Once you’ve done this, you need to understand the problem you are solving and put yourself in the user’s shoes. Many times, designers lack creativity, they are so focused on the creation itself that they tend to forget what the end users need.


After getting a clear understanding of the issue, start writing down how you would solve the problem, what images, icons, colors are related to the solution you will bring.


Once again, feel free to check out what other successful designers use or do for that same issue and change it with your own taste, explore possibilities, and go into a “no limits” creativity mode. You can do so by drawing things, or use design softwares but remember, the goal is to put everything on paper. Create something, duplicate it, then tweak things, duplicate again etc... you get the idea. Until your design starts looking unique.

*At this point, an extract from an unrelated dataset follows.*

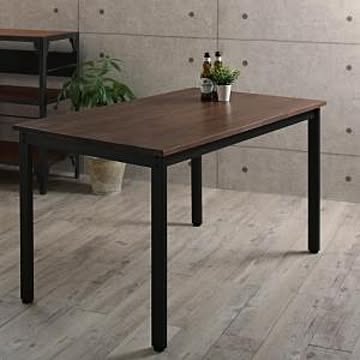 ウィルク ヴィンテージデザインダイニングテーブル 天然木パイン無垢材 W120 ブラウン×ブラック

Afterwards, you must get feedback. It doesn't matter who it is as long as they don’t hear each other’s comment (that way there is no influence). Therefore, you can’t take everyone by word because at the end of the day, you are the designer and you have more knowledge than them.


Since everyone has different opinions, if you believe all of them, you will always edit your design but never come to an end result. So what you must pay attention to is for similarities in people’s critics.


After making these last few adjustments, you are done for now. You can send it but you should still think about it from times to times. Make sure you listen to people’s comments in a longer period of time and try to catch similar critics and write them down so you have them ready for your future design.